Os questionamentos sobre a formação profissional dos médicos cubanos e as condições impostas pelo presidente eleito Jair Bolsonaro (PSL) para dar continuidade ao programa Mais Médicos no Brasil com os profissionais da ilha comunista levou o Governo cubano a encerrar sua participação no programa no país e solicitar o retorno à ilha dos cerca de 11 mil especialistas que atuam no Brasil. As condições impostas por Bolsonaro – de exigir a revalidação do diploma e contratar individualmente os profissionais cubanos – foram consideradas inaceitáveis. Em nota divulgada nesta quarta-feira, o Ministério de Saúde Pública de Cuba considerou “inaceitável” que se questione a competência e o altruísmo dos colaboradores cubanos, que atuam em 67 países atualmente. No Twitter, Bolsonaro lamentou que o governo cubano não tenha aceitado as condições.

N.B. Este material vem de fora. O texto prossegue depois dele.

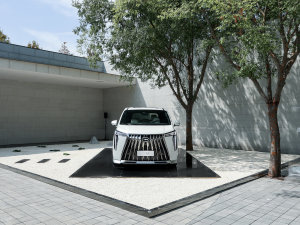 2023ڎϵ 400T ԄŞ w^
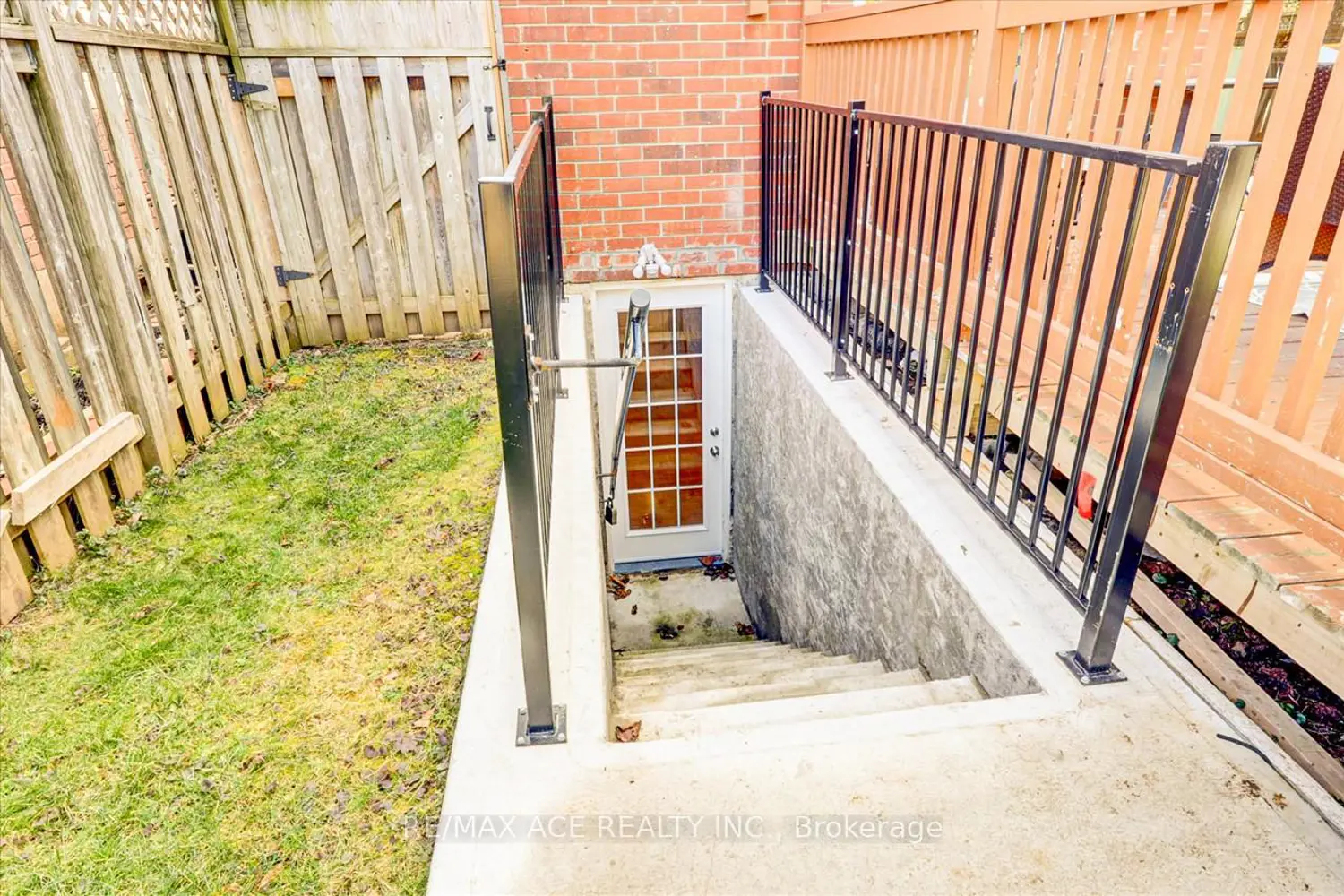 Additional image 14 of 3239 Valcourt Crescent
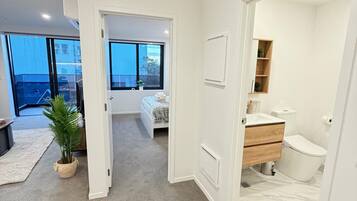 Tabla de planchar con plancha, wifi y ropa de cama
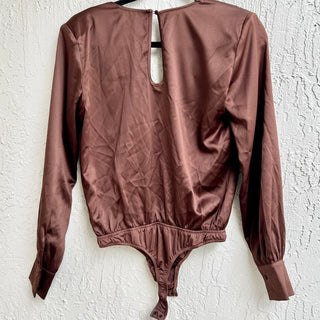 NWT Steve Madden Long Sleeve Satin Tamaira Bodysuit Chicory Coffee Women's XS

Durante um evento em agosto deste ano, Bolsonaro já havia dito que usaria o Revalida para expulsar os médicos cubanos do Brasil. “Nós juntos temos como fazer o Brasil melhor para todos e não para grupelhos que se apoderaram do poder e há mais de 20 anos nos assaltam e cada vez mais tendo levado para um caminho que nós não queremos. Vamos botar um ponto final do Foro de São Paulo. Vamos expulsar com o Revalida os cubanos do Brasil”, declarou o presidente eleito, no aeroporto de Presidente Prudente (SP).
Condicionamos à continuidade do programa Mais Médicos a aplicação de teste de capacidade, salário integral aos profissionais cubanos, hoje maior parte destinados à ditadura, e a liberdade para trazerem suas famílias. Infelizmente, Cuba não aceitou.
— Jair M. Bolsonaro (@jairbolsonaro) 14 de novembro de 2018
O Programa Mais Médicos, implementado durante o governo da ex-presidenta Dilma Rousseff (PT) em 2013, foi um dos alvos de polarização política durante as últimas eleições. Foi implementado há cinco anos para que os profissionais cubanos ocupassem as vagas não cobertas pelos médicos brasileiros, geralmente em zonas mais isoladas e pobres. “Nesses cinco anos de trabalho, cerca de 20 mil colaboradores cubanos atenderam a 113.359.000 pacientes em mais de 3.600 municípios”, afirma a nota do Ministério de Saúde de Cuba.
Uma médica cubana que atuou por quatro anos no Mais Médicos em São Paulo conta que a notícia tem deixado os companheiros que ainda estão no programa “muito abatidos”. Sem informações oficiais de como será a transição, eles acreditam que só trabalharão mais este mês antes de retornar à Cuba. Considerada desertora depois que conseguiu o visto de residente no Brasil, a médica pediu para não ser identificada por medo de represálias do governo cubano à sua família. “O verdadeiro motivo dessa decisão é o salário. Como todos sabem, 70% do nosso salário ficava com o governo e 30% com a gente. Eu recebia em torno de 2.900 reais. Só consegui viver em São Paulo porque tinha ajuda da prefeitura com a moradia”, conta.
O programa Mais Médicos foi criticado pela classe médica brasileira desde a sua implementação. A Associação Médica Brasileira (AMB) entrou com uma ação no Supremo Tribunal Federal ainda em 2013, alegando que o programa promovia “o exercício ilegal da medicina” pela não exigência dos exames de revalidação de diploma pelos estrangeiros. No final do ano passado, o STF negou o pedido por 6 votos a 2.